Encounter-遭遇-

『えー今日が最終日でーす。頑張れよー。まず死亡者からー。立海大附属中R1幸村精市、同じくR2真田弦一郎。それから禁止エリアは今からなくなりまーす。ただし分校は引き続き禁止エリアになるから、気をつけろよー』


プツンと放送が終わり、忍足は深いため息をついて跡部を見た。


「とうとう最終日まで来てしもたな、跡部。もうほんまに時間ないで」


「アーン、そんなことはわかってんだよ」


そう答える跡部はと言うと、パソコンと向き合ったまま、ずっと考え事をしていた。


どうにか乾のパソコンを繋げることに成功したが、分校のパソコンに侵入することはできなかった。


もっとパソコンに詳しい人間ならどうにかなるのかもしれないが、少なくとも跡部や忍足には不可能なことだった。


跡部はしばらくの間パソコンと向き合っていたが、やがて小さな舌打ちと共にパソコンを閉じた。

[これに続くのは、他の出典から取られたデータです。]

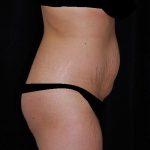 Tummy Tuck Before & After Patient #15181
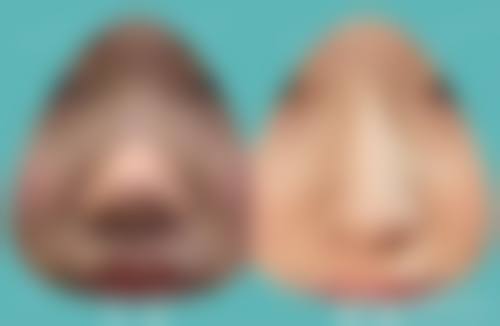 诊疗特色总结:魏仕红医生的个性化医美方案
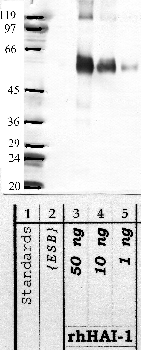 Anti-SPINT1 Rabbit Polyclonal Antibody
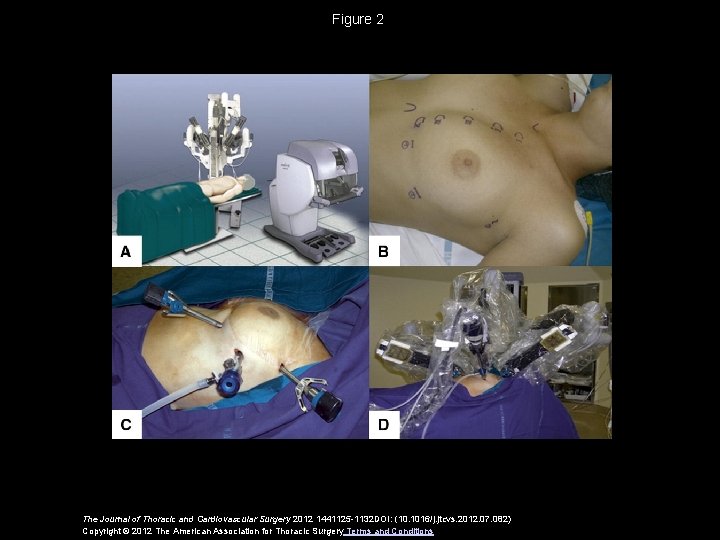 Figure 2 The Journal of Thoracic and Cardiovascular Surgery 2012 1441125 -1132 DOI: (10.
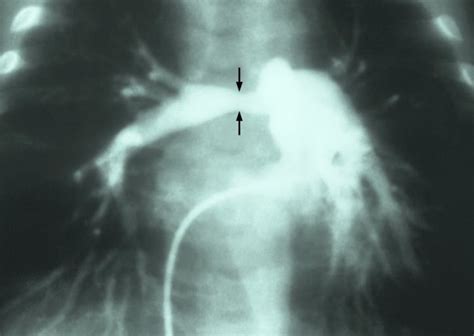 Stenosis of pulmonary artery - Alchetron, the free social encyclopedia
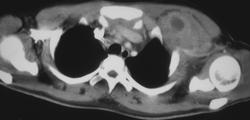 Lymphoma - CTisus CT Scan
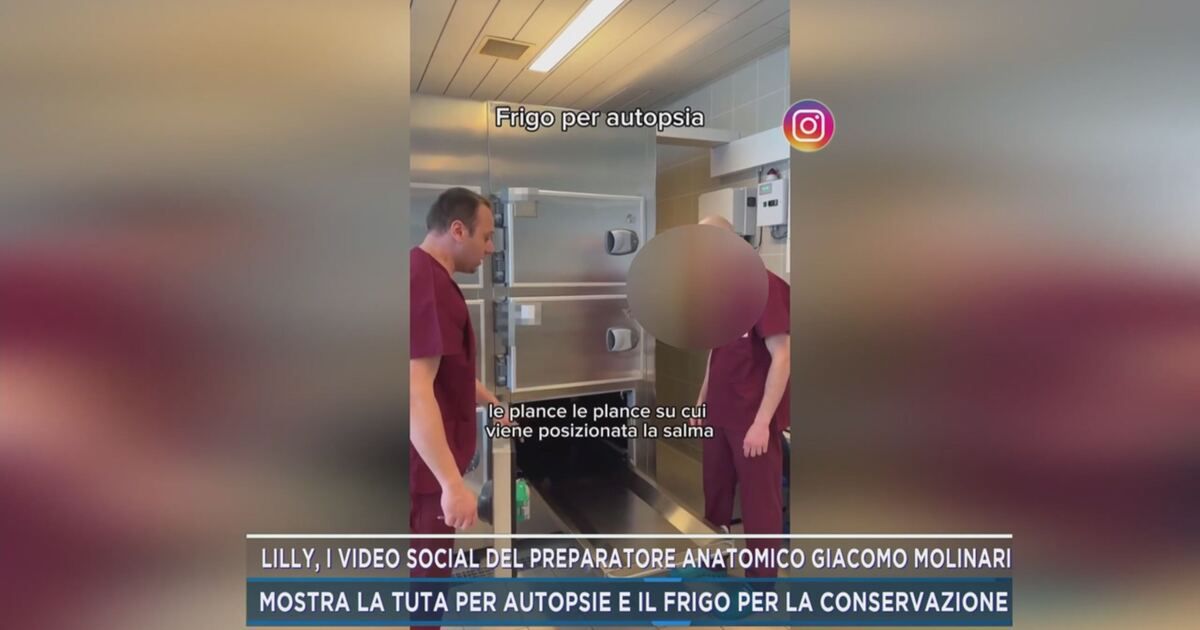 Modelo anatómico de arteria carótida - 3-Dmed - de vena / de la arteria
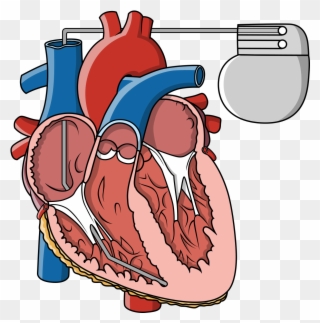 Pacemaker Information And Support Pt 2 Survey Clipart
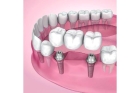 Установка зубных коронок на задние зубы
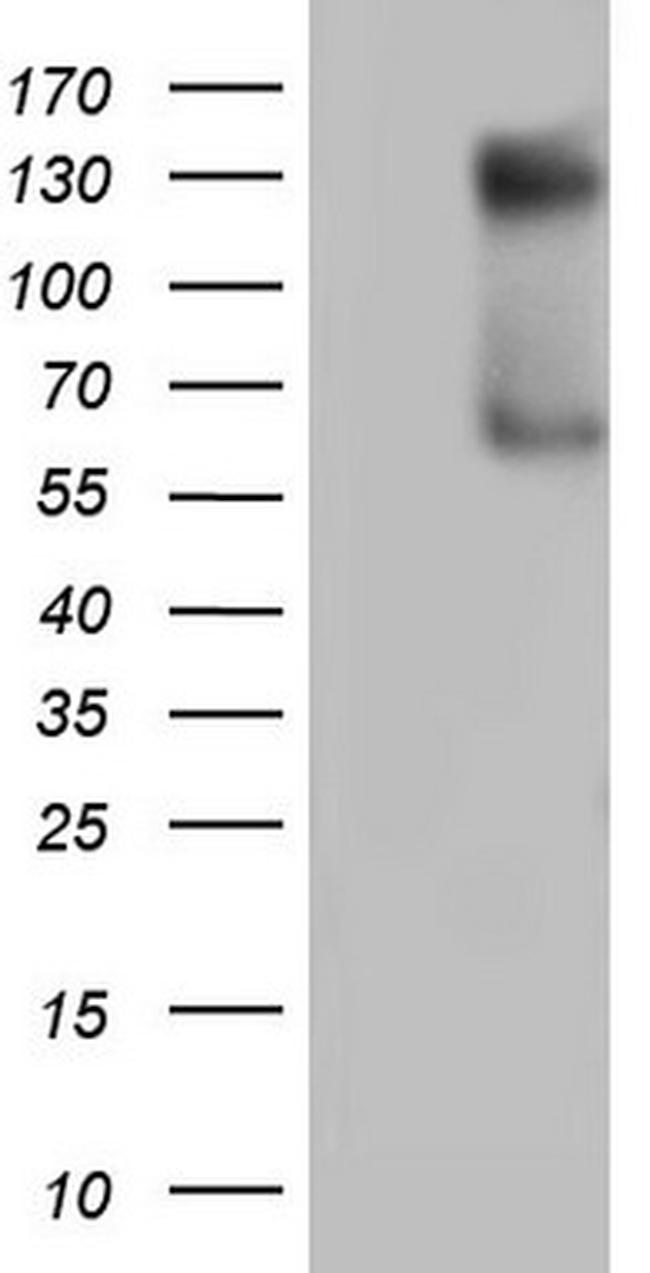 GLI1 Antibody in Western Blot (WB)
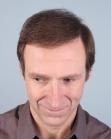 After Hair Transplant&nbsp;Front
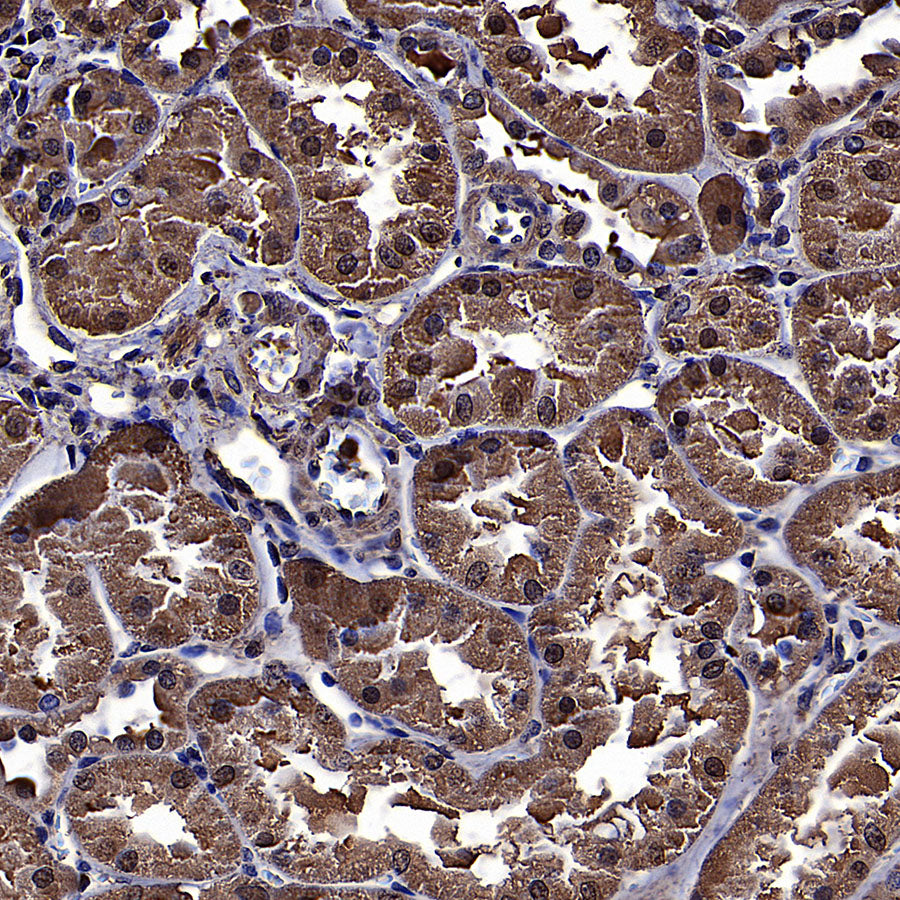 ALDOA Mouse mAb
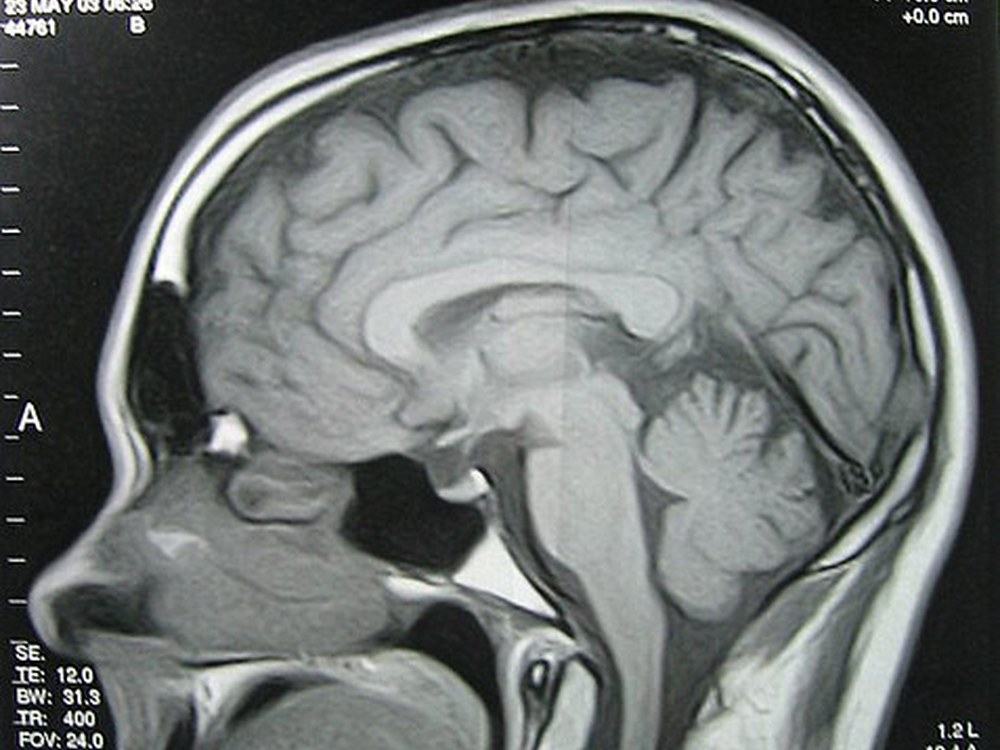 Brain MRI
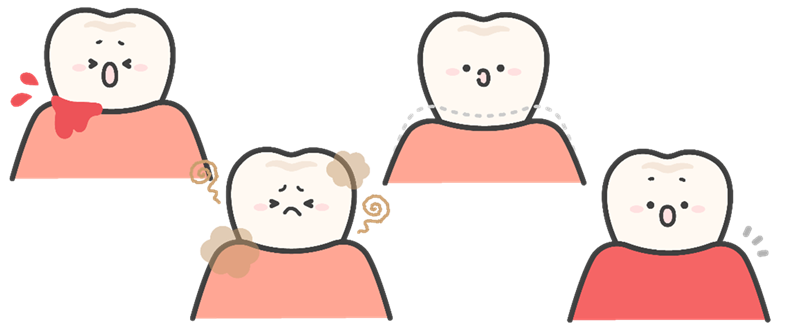 まずはチェック！歯周病セルフチェック✅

「仕方ねぇな…とにかく一度場所を移すぞ。これ以上ここに留まっていても無意味だ」


そう言って跡部が立ち上がろうとした瞬間、闇の中で人影が動いた。


「!?」


驚いて銃を向けると、そこに立海の参謀、柳蓮二と、詐欺師、仁王雅治が立っていた。


「柳、やっぱりこの辺にはいないみた……跡部!」


後ろからやって来たブン太とジャッカルは、跡部たちを見て目を見開く。


そこで忍足がブン太たちの方に銃を向けるが、柳が静かな声で言った。


「銃を下ろせ、跡部、忍足。俺達はお前達と争うつもりはない。…目的はお前達と一緒のはずだ」


「……」


跡部はしばらく彼らの様子を窺っていたが、誰一人銃を構える気配がないことを知り、忍足に目で合図をした。


そっと銃を下げると、仁王が口を開いた。


「お前さん達もユキを探しとるんじゃろ?」


「…ああ」


「どうやらお前達とはまだ合流できていないようだな」


「手掛かりもねぇからな」


「……」


そこで忍足が口を挟んだ。


「灯台には行ったんか?」


「もともと俺ら全員そこにいたんだよ」


「!」


「幸村と真田が死んだなんて、信じられないがな」


ブン太とジャッカルが答えると、跡部が銃をベルトに戻して言った。


「幸村は…どうかわからねぇが、真田の死体なら見た」


「!!」


「体中に銃弾を受けていた。…おそらくマシンガンか何かで撃たれたんだろう」


「…っ」


跡部の言葉にブン太は俯いて手を握り締める。


「そこにユキと赤也はいなかったのか…?」


そう柳が言うと、今度は跡部たちが驚きの表情を浮かべた。


「ユキが…灯台にだと?」


「幸村から二人が灯台に来たと連絡を受けた。それで別行動を取っていた丸井達と合流し、灯台に戻ろうとしていたのだ」


「……」


「…とにかく場所を移そう。ここでは目立つ」


「…ああ」


跡部は頷き、置いてあったディパックを忍足に渡して歩き出した。